Interestingly, this demand weakness is not affecting BYD currently, as the Chinese EV giant delivered 217,816 New Energy Vehicles (NEVs) in October, corresponding to an annual increase of 168.78 percent and a sequential increase of 8.23 percent. Specifically, the deliveries of pure electric vehicles were up 150.19 percent year-over-year.

As we mentioned earlier, Tesla reduced the retail price of its Model 3 and Model Y EVs in China back in October, with the Model Y Long Range version receiving the steepest cut of 9.4 percent. We had noted at the time that these price cuts might end up bolstering the EV giant’s bottom-line metric in Q4 2022. China currently offers a subsidy of 12,000 Yuan ($1,640) for EVs that are priced below 300,000 Yuan ($41,000).
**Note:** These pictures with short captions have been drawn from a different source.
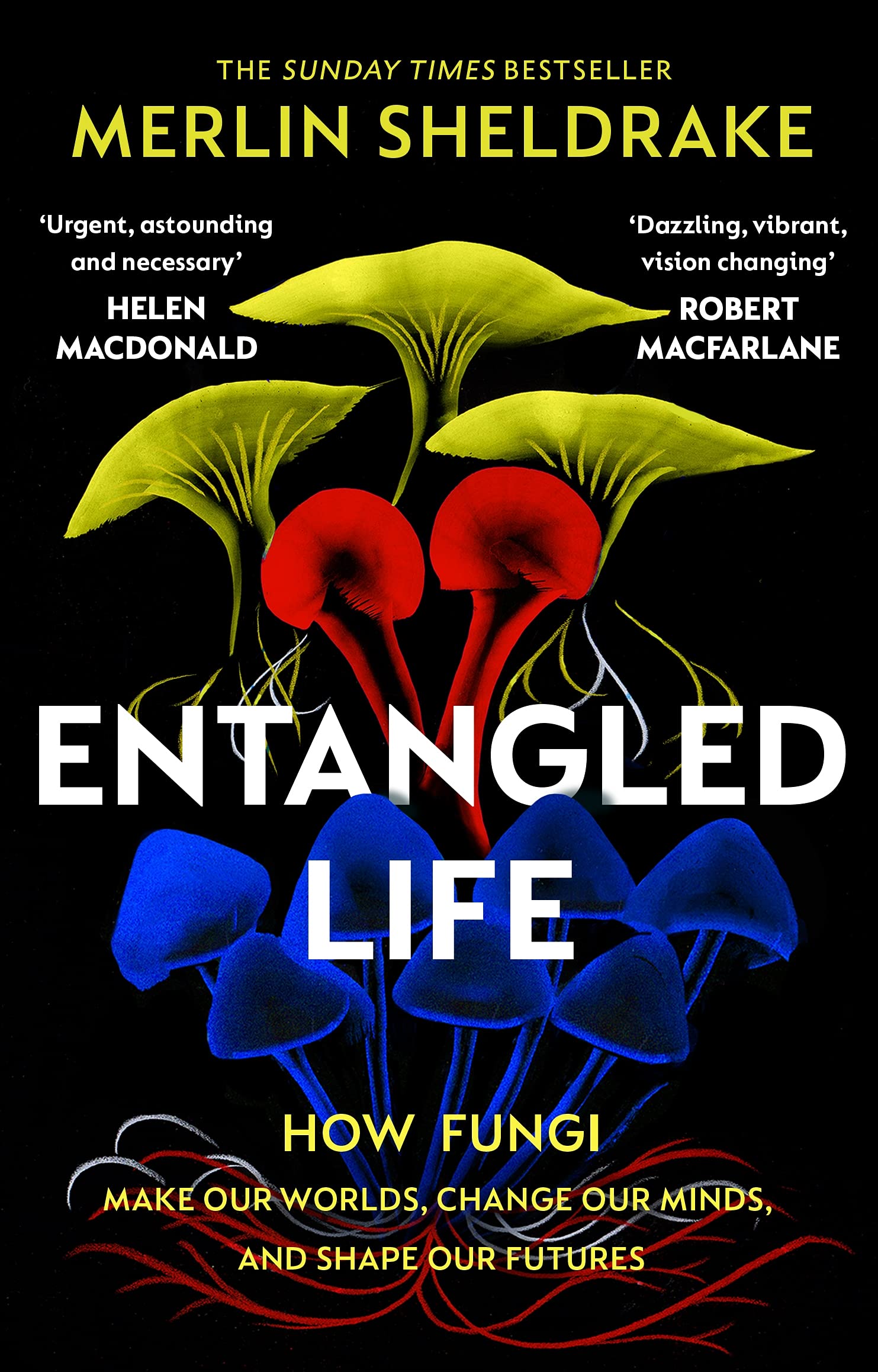 Entangled Life. How Fungi Make Our Worlds, Change Our Minds and Shape Our Futures
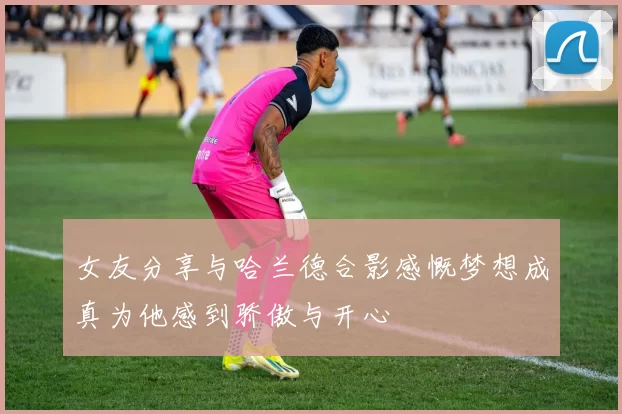 女友分享与哈兰德合影感慨梦想成真为他感到骄傲与开心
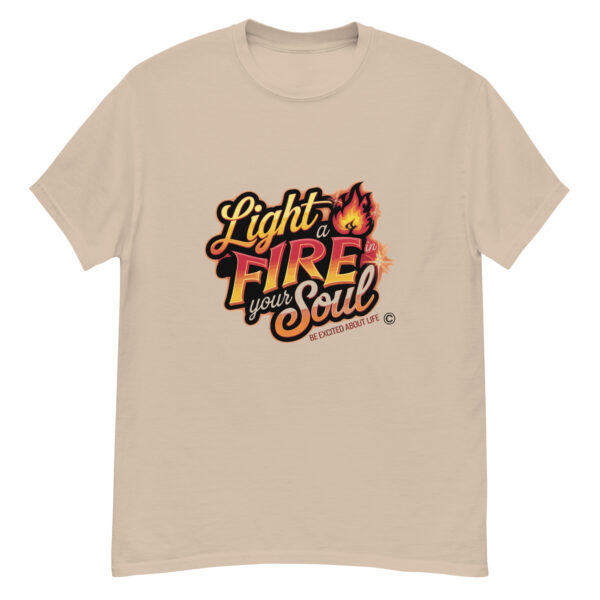 Light Fire in Your Soul Unisex classic tee - Image 242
This subsidy is slated to expire on the 31st of December, 2022. With the latest cuts, the price of the Tesla Model Y Standard Range has dropped from 316,900 Yuan to 288,900 Yuan, thereby qualifying the variant for the 12,000 Yuan subsidy.

In light of October’s delivery numbers, Tesla’s proactive decision to cut the prices of its EVs in China remains justifiable.

Of course, it is not just softening demand that has been affecting Tesla and other EV manufacturers in China. The Asian giant’s continuing adherence to very costly zero-COVID policies is also hurting the ability of OEMs to maintain production. For instance, NIO (NYSE:NIO) has been facing serious operational disruption at both of its production plants in Heifei since mid-October. NIO had originally intended to shut down the production at its JAC-NIO F1 plant for 3 to 5 days while using existing parts inventory for muted production amid local COVID control measures. However, this planned shutdown was then extended. Similarly, NIO’s F2 plant located within the gigantic NeoPark in Heifei has been operating under a closed management system with suspended assembly lines.

Tesla shares are currently down 0.64 percent in early pre-market trading after falling 5.64 percent yesterday as the Federal Reserve guided toward a shallower interest rate hike trajectory ahead paired with a higher terminal rate relative to the market’s expectations.